Problem details: Below is a listing. Gather each line of it that contains "from".

Given records:

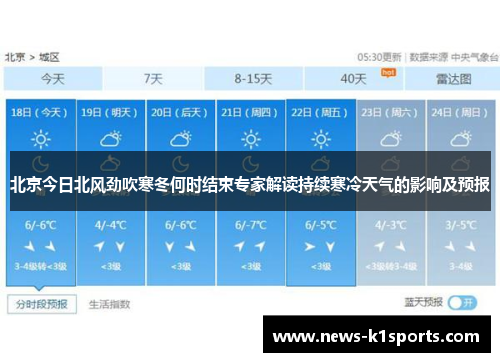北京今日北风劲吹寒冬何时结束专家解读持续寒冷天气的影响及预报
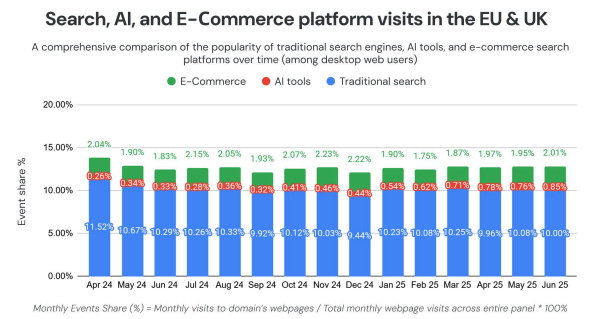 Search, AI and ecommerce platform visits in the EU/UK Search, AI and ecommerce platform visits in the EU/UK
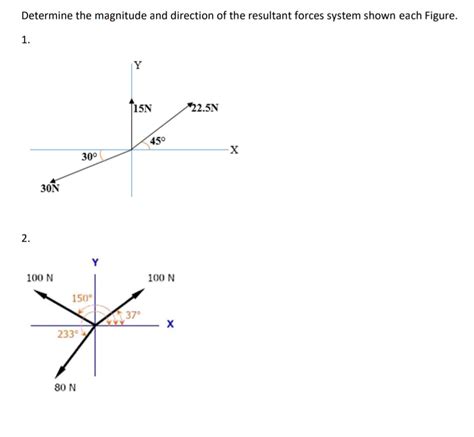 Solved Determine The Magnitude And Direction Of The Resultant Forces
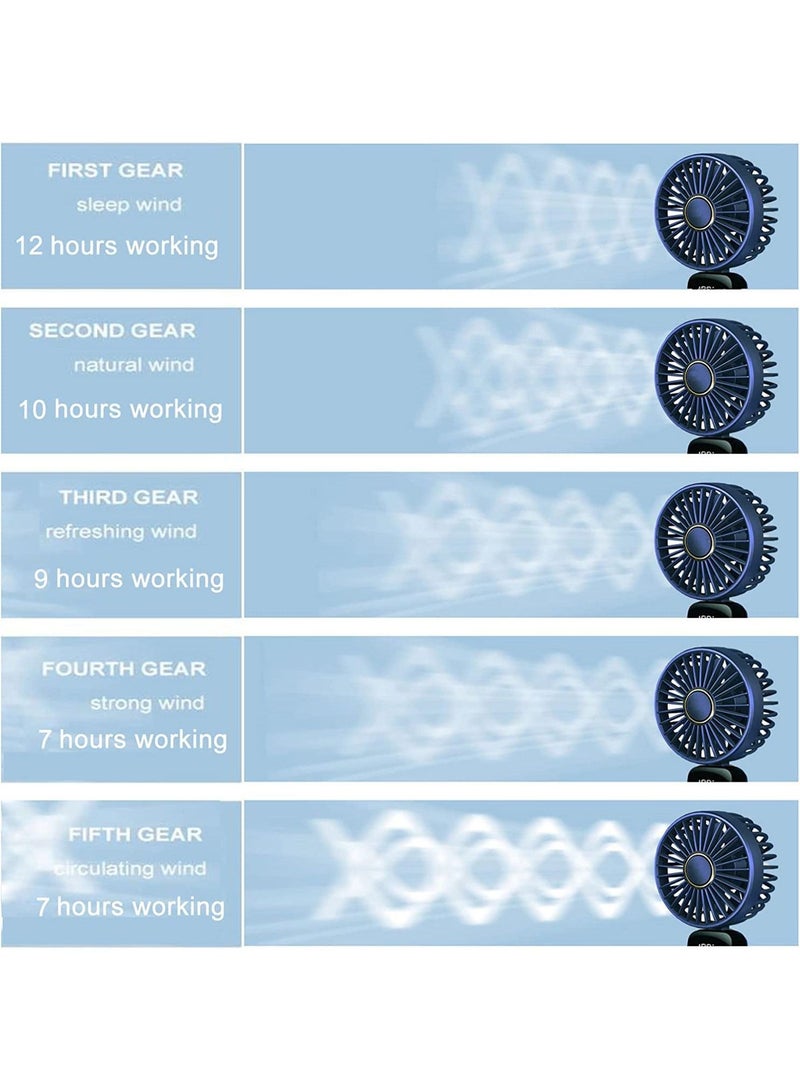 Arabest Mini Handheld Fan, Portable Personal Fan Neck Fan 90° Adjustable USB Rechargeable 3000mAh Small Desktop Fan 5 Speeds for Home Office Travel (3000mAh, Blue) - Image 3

---

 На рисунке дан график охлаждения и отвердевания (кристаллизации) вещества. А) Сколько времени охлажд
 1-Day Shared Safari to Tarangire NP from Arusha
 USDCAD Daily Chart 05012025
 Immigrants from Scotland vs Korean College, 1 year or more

Response to the exercise:
 1-Day Shared Safari to Tarangire NP from Arusha
 Immigrants from Scotland vs Korean College, 1 year or more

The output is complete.